It's time to assign the population density value to the quadkey 14 tiles. With the aforementioned nested function we can establish all the tiles in Denmark, and then use the mean of the hexagons inside the tile as an estimate of the true value of the tile. There are 24,109 different quadkeys in Denmark.

In [48]:
from pyquadkey2 import quadkey
den['quadkey'] = den.apply(lambda x: str(quadkey.from_geo(h3.h3_to_geo(x['h3']), 14)), axis = 1)
den = den.groupby('quadkey', as_index = False).pop_dens.mean()
len(den)

24109

In [35]:
iso2_to3 = {'AT': 'aut', 'BE': 'bel', 'BI': 'bdi', 'CH': 'che', 'CM': 'cmr', 'CZ': 'cze', 'DE': 'deu', 'DK': 'den',
            'ES': 'esp', 'FI': 'fin', 'FR': 'fra', 'GR': 'grc', 'IN': 'ind', 'IT': 'ita', 'MM': 'mmr', 'NL': 'nld',
            'PK': 'pak', 'PT': 'prt', 'SE': 'swe', 'SZ': 'swz'}

We can now iterate over all the other countries.

In [42]:
cart = 'C:\\Users\\Luca\\Downloads\\temp'
sav = "C:\\Users\\Luca\\Downloads\\RWI\\pop_dens"

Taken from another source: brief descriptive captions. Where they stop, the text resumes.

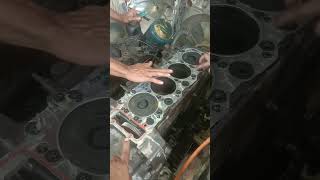 4HF1 replace Head gasket part 2 [upl. by Priscella]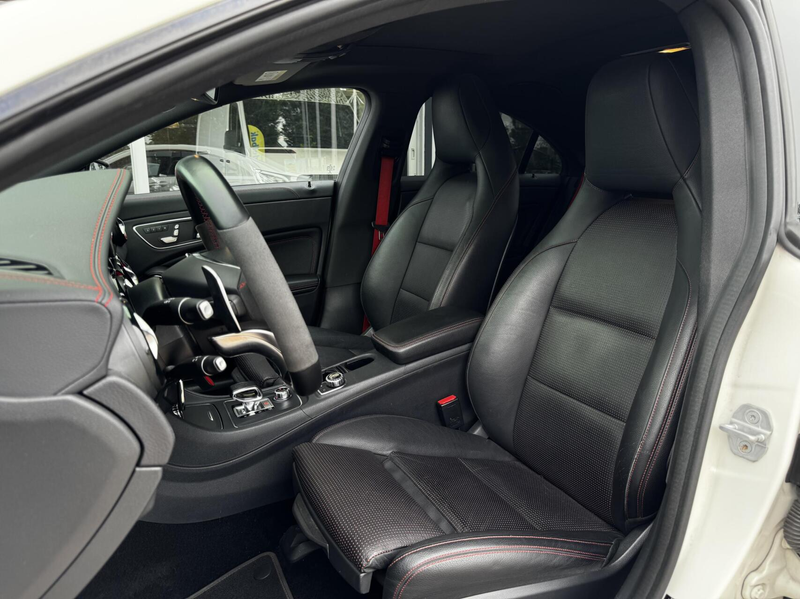 Mercedes-Benz CLA 45 AMG 4MATIC|Pano|Performance|19"|381PK — photo 4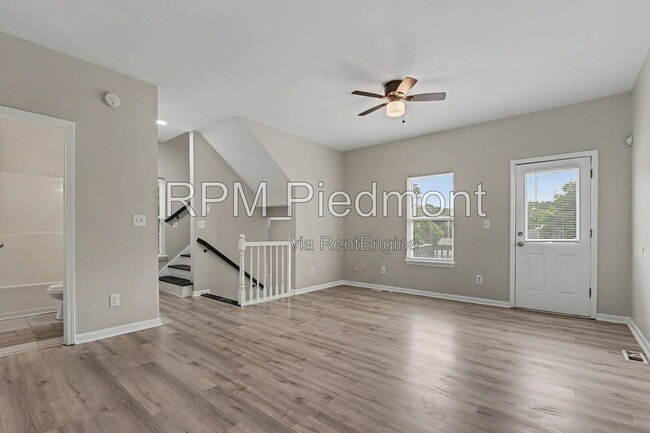 Photo - 753 Prince Pl NW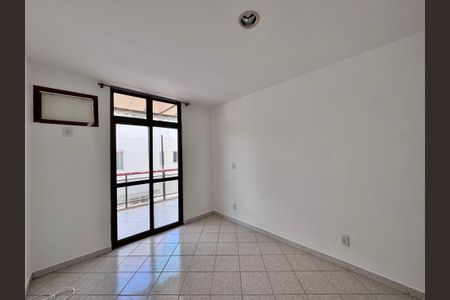 Apartamento à venda com 200m², 3 quartos e 2 vagasQuarto 2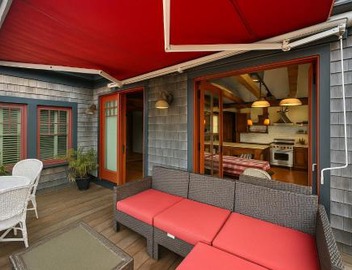 Magical Post and Beam Loft Downtown Newport! 4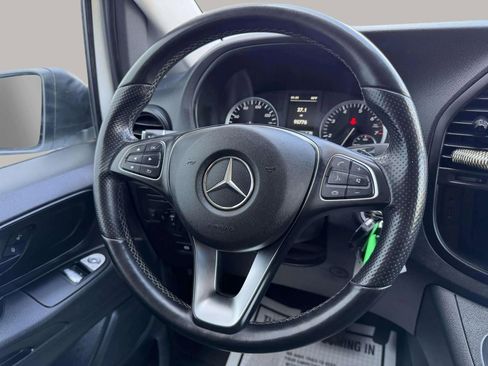 Used 2019 Mercedes-Benz Metris image 26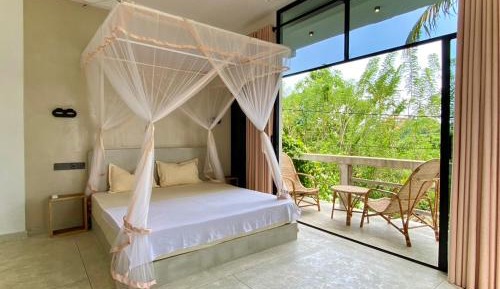 King Room with Balcony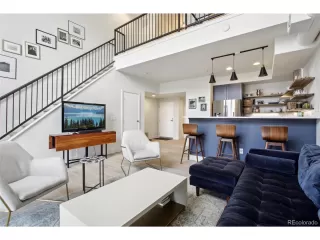 Photo #2: 6358836 Listing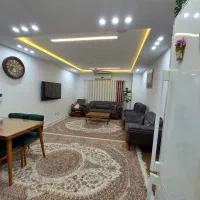 ملک فروشی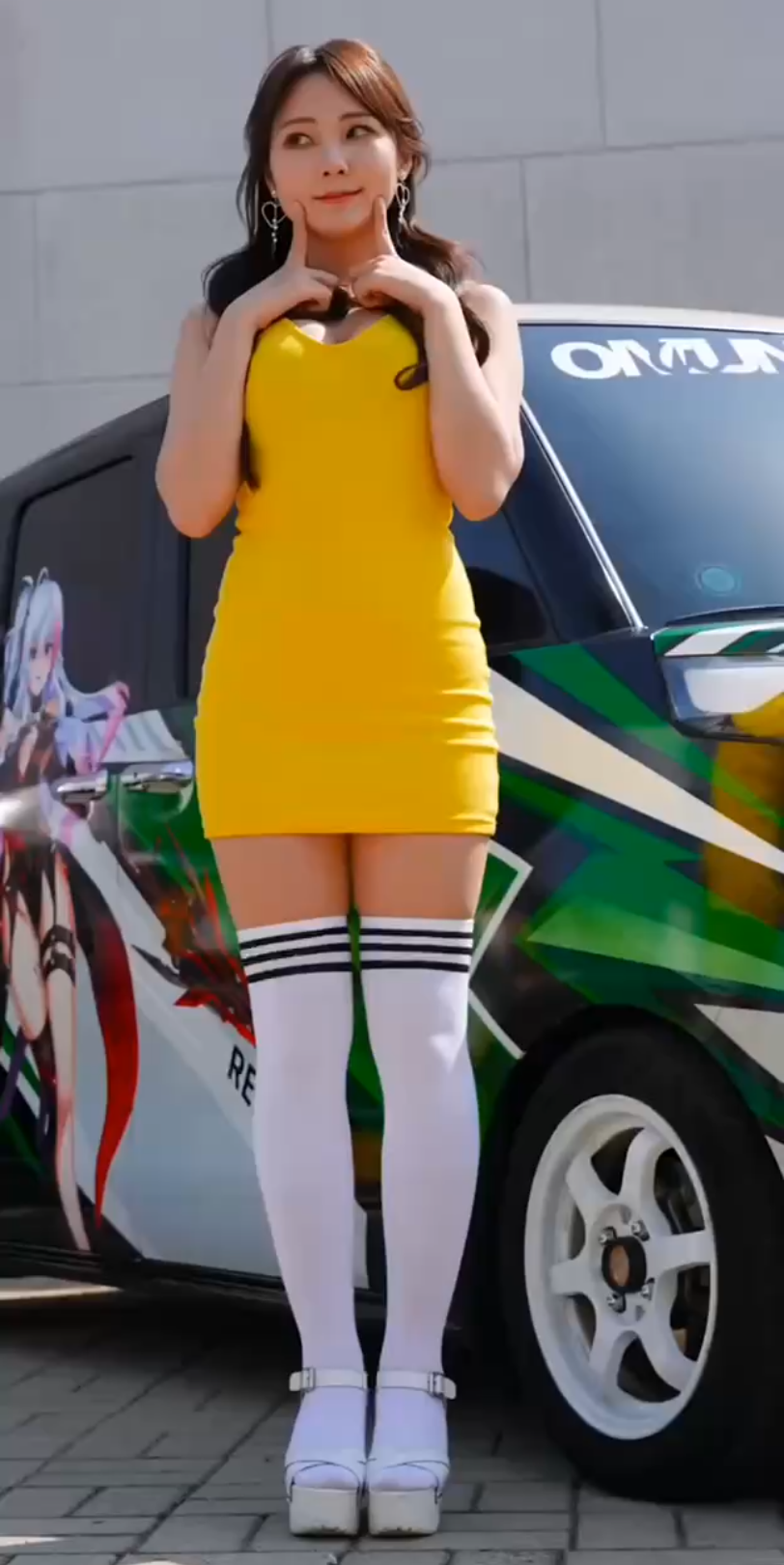 英姿飒爽的车模美女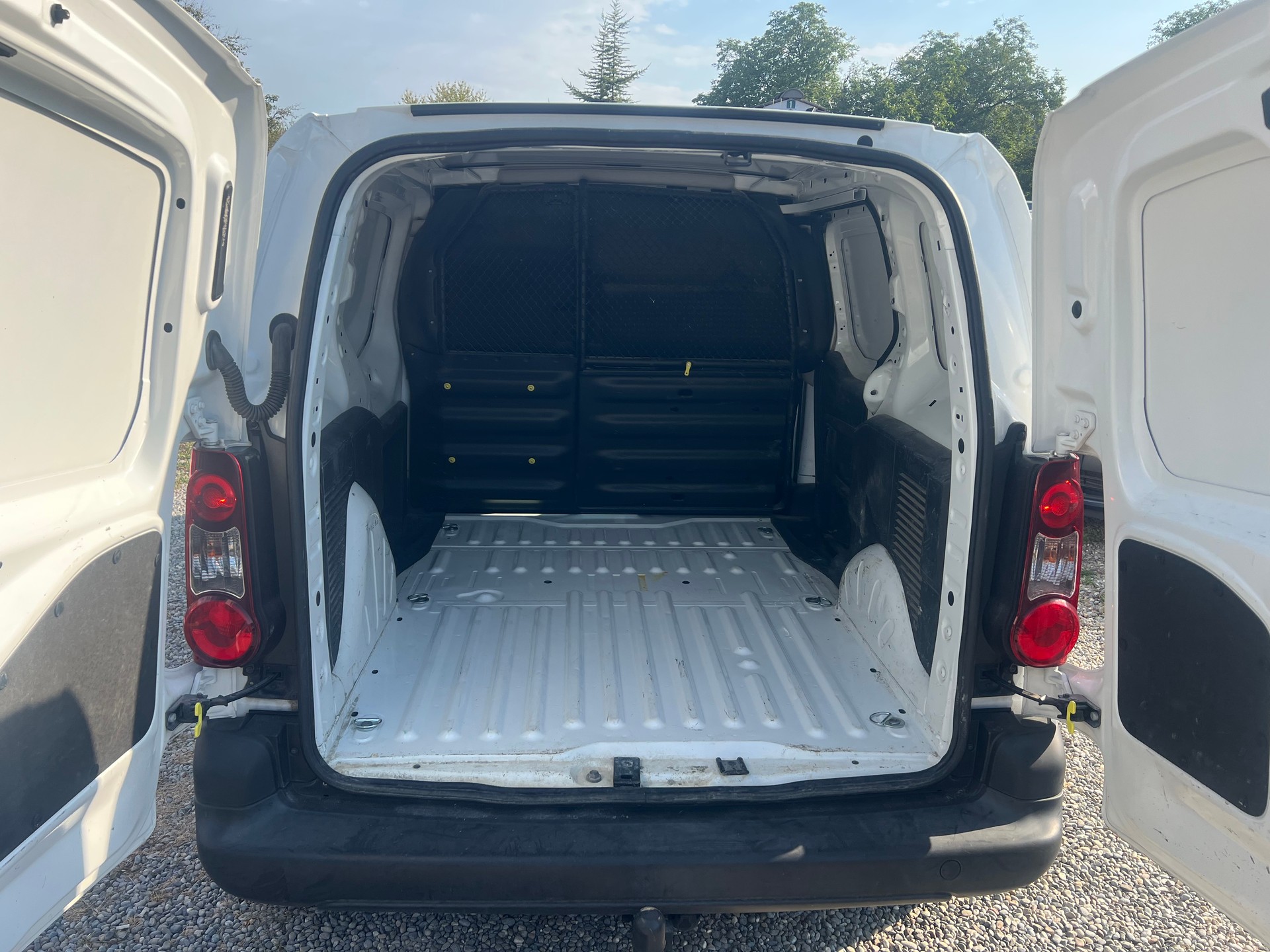 CITROEN Berlingo 1.6 VTi 98 Business-image-7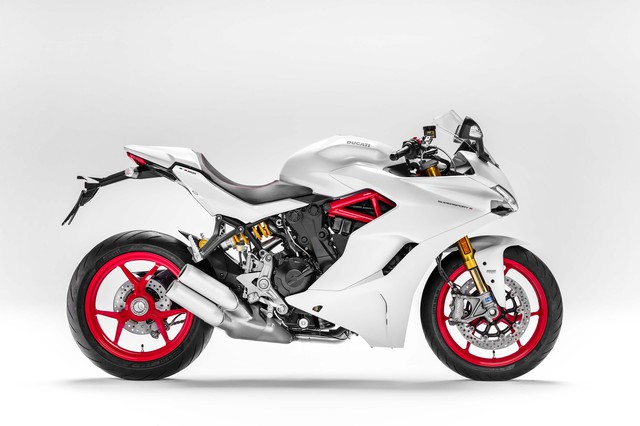 
Trong sự kiện World Ducati Week diễn ra tại Misano, Ý, vào hồi tháng 7 năm nay, một mẫu mô tô thể thao hoàn toàn mới có tên mã Project 1312 đã bất ngờ được hé lộ. Mẫu mô tô thể thao hoàn toàn mới của Ducati được đồn có tên gọi là 939 SuperSport.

for file in os.listdir(cart):
    country = iso2_to3[file[-16:-14]]

    df = gpd.read_file(f'{cart}\\{file}')
    print(df.shape)
    df['area'] = df.apply(lambda x: h3.cell_area(x['h3'], unit='km^2'), axis = 1)
    df['pop_dens'] = df.apply(lambda x: x['population'] / x['area'], axis = 1)

    print(f'{country}: {df.pop_dens.min(), df.pop_dens.mean(), df.pop_dens.max()}')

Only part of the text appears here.